The U.S. National Highway Traffic Safety Administration (NHTSA) sent a cease-and-desist letter to Tesla on October 17, 2018, accusing them of failing to conform to their guidelines when the car maker claimed that the Model 3 had the lowest probability of injury of any vehicle ever tested by NHTSA.
The US regulators also sent two subpoenas to Tesla, concerning crashes involving its cars. Reuters got hold of the documents. Tesla stood by its claims, saying that they used NHTSA’s own data to back them up.
According to NHTSA, the cease-and-desist letter was referring Tesla’s safety claims on the Model 3 to the Federal Trade Commission (FTC) to investigate whether these statements constitute unfair or deceptive acts or practices.
The FTC declined to comment, with a spokesman saying that “investigations are non-public, and we don’t comment on … the existence of an investigation.”
A Tesla spokesman pointed at the company’s letter to NHTSA on October 31, 2018, where the company’s deputy general counsel Al Prescott said: “Tesla’s statement is neither untrue nor misleading. … We had hoped NHTSA would welcome such an achievement because it was presented in an objective manner using the agency’s own data.”
In its letter to Tesla on October 17, NHTSA said that the company’s safety claims were “inappropriate” and “inconsistent” with the agency’s guidelines.
“The guidelines warn against comparison statements like these because such statements mislead consumers about the relative safety of different vehicle models,” NHTSA chief counsel Jonathan Morrison wrote.

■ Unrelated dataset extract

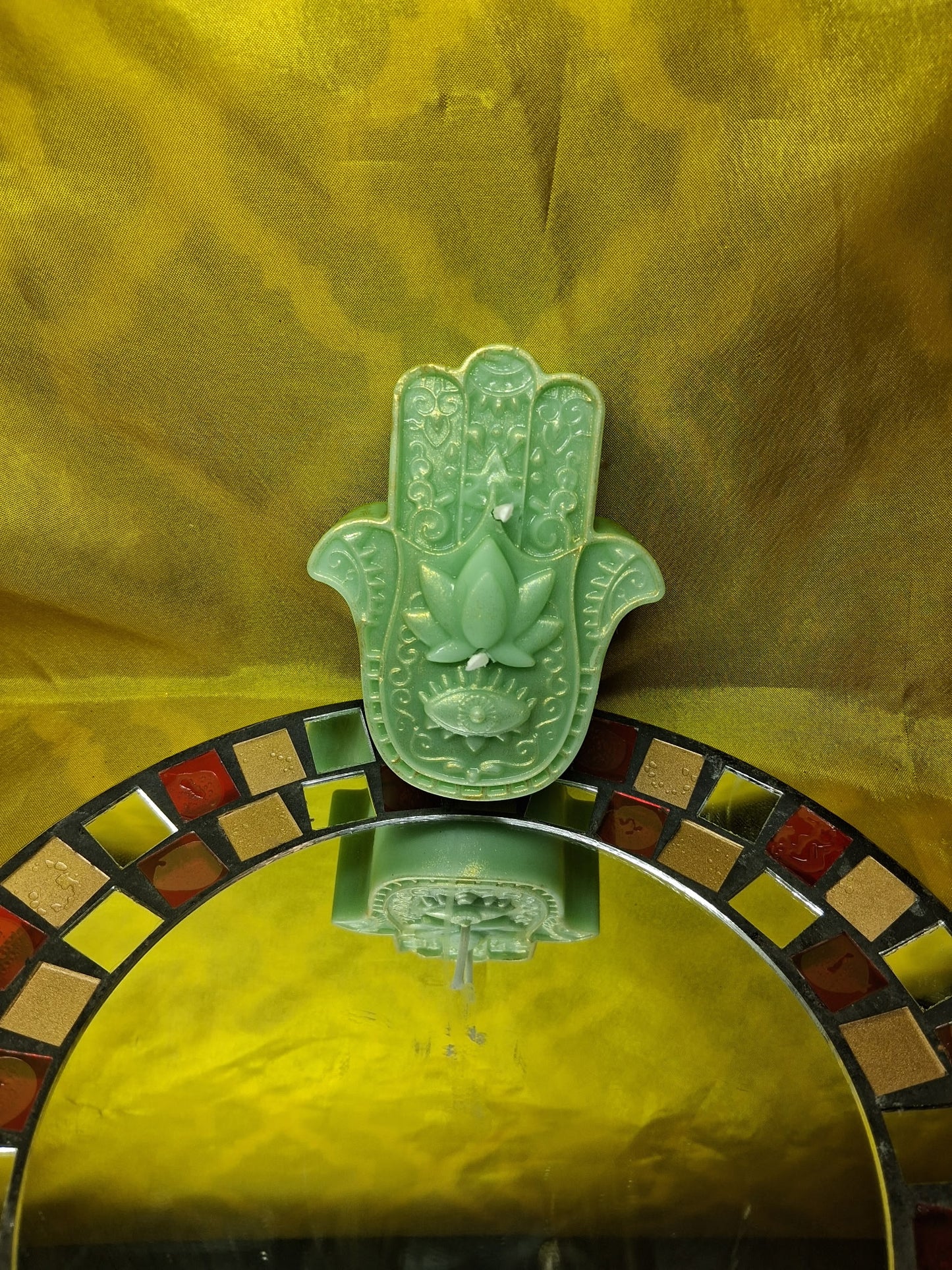 Hand of Fatima Shaped Scented Candle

“To say Tesla’s midsize sedan has a lower probability of injury than say a larger SUV could be interpreted as misunderstanding safety data, an intention to mislead the public, or both,” he added.
The Tesla Model 3 received the top rating in NHTSA’s 5-Star Safety Ratings Program, which is comprised by three crash tests and a rollover resistance assessment. However Tesla has been critisized by safety groups over the use of the term “full self-driving”, which is untrue since the company’s automated driving system hasn’t reached yet the Level 4 of autonomy.